The group, founded in 2001, added that it will focus on protecting small businesses, security and cleanliness, parking, traffic and “embracing the culture that put the Crossroads community on the map.”

Jane Ehinger, owner of Ehinger Properties, which owns multiple places that lie in the stadium’s footprint, said she hadn’t been contacted by anyone from the Royals or the city prior to Tuesday, and that her firm didn’t intend to advocate or oppose the project until the vote in April.

Unlike Abbott, who started developing Crossroads properties about a decade ago, Ehinger Properties’ presence in the Crossroads stretches back generations. The distinction has been meaningful for creatively inclined businesses it has leased to in the area.

“We aren’t developers and we don’t have debt on our properties,” Ehinger said. “Generally speaking, that allows us to keep our rental rates low enough to allow arts and local businesses to remain in the neighborhood, which has been critical to its identity all these years. What I’m hearing from that community is that putting the stadium in the Crossroads could negatively impact those folks.”

Some types of businesses are likely to fare better than others. Eric Flanagan, owner of King G Bar and Deli, at 500 E. 18th St., expressed mixed feelings. He’s outside the footprint of the stadium and would likely see more bar business on game days.

“I’d rather it be in the Crossroads than the East Village, mostly because I assume they would have built an entertainment district next to it, and I wouldn’t have wanted to compete with that,” Flanagan said.

But, he added, “I’m nervous about preserving the feel of the East Crossroads, and I’m worried about some of my neighbors who are in the crosshairs of this deal and would be more negatively affected than I think we would. And I’m nervous because I don’t own my own building, which means I’m beholden to my landlord.” (He leases from Abbott.)
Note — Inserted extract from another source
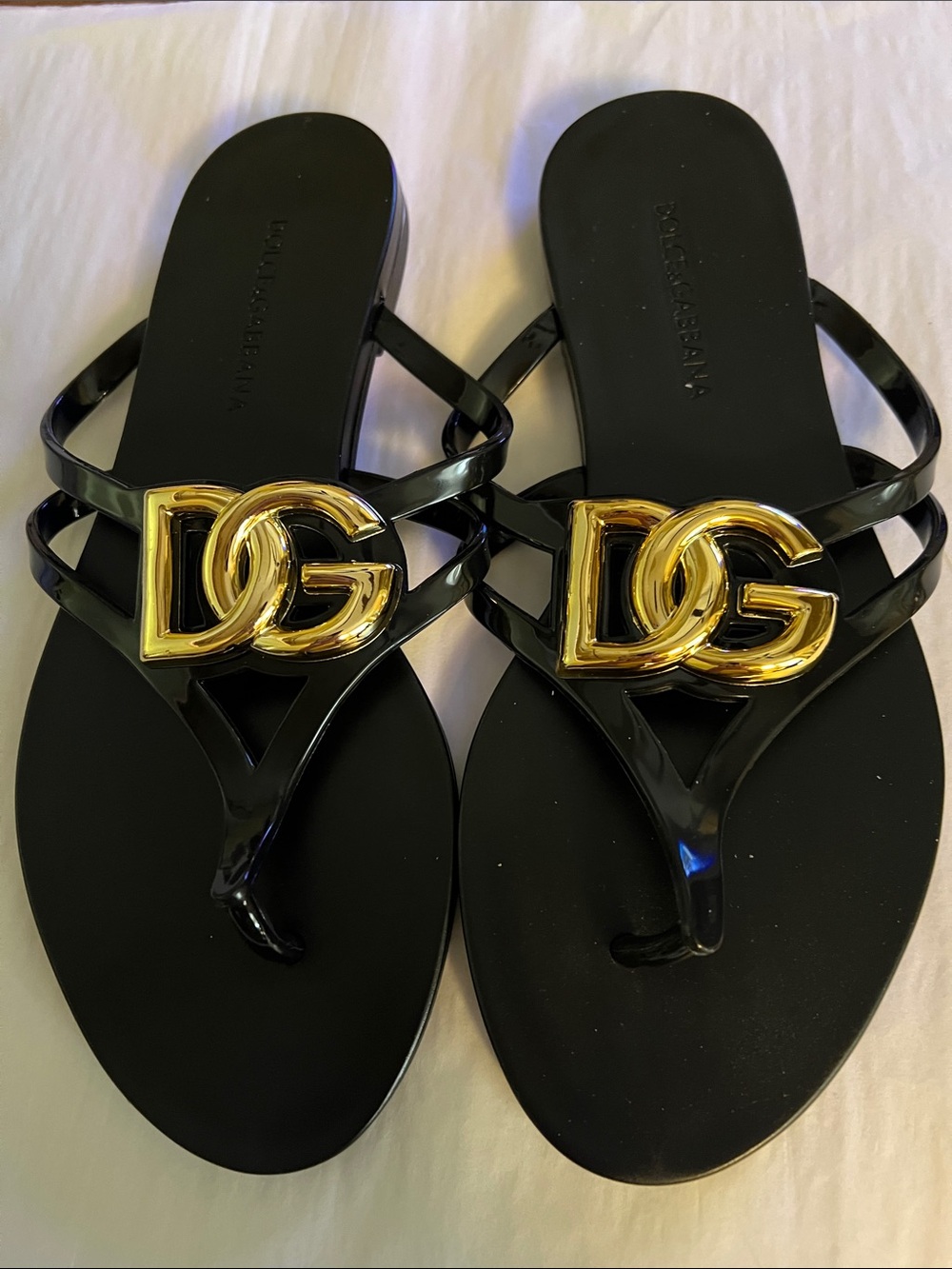 NWOB Dolce & Gabbana Black Sandal with Gold DG Logo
Just because you own property doesn’t mean Tuesday’s announcement was cause for celebration, though. Sarah Hoffman is weeks away from opening Green Dirt on Oak in a 13,000-square-foot space she bought a few years ago at 1601 Oak St. The fine-dining restaurant will have a rooftop deck, an events space and a production facility for Hoffman’s award-winning cheese.

Or, that was the plan. Hoffman’s building lies in the footprint. Now, everything’s up in the air.

“When I talked to people at the city about the proposal, they assured me Oak was a no-go zone,” Hoffman said, meaning the plan wouldn’t require demolition of buildings on the east side of Oak Street. “Then three hours ago, I hear they want to plop their stadium on top of my building. Even if it doesn’t pass, it’s going to be hard to hire for the restaurant in the meantime, because there’s so much uncertainty.”

She said she supported the movement in the neighborhood to fight the proposal and protect local businesses.

“But I don’t know what kind of leverage we have,” Hoffman said. “I suspect not very much.”